(Exercise) Below are lines of data, and only some are wanted. Please repeat exactly those from the line that has "Seewolf auf dem Boden eines Aquariums" through the line that has "Mixed Breed dogs".

(Source records)
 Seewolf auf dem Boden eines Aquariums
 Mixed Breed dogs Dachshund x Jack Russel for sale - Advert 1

* * *

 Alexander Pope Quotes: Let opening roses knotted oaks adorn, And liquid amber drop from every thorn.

(Response to the task)
 Seewolf auf dem Boden eines Aquariums
 Mixed Breed dogs Dachshund x Jack Russel for sale - Advert 1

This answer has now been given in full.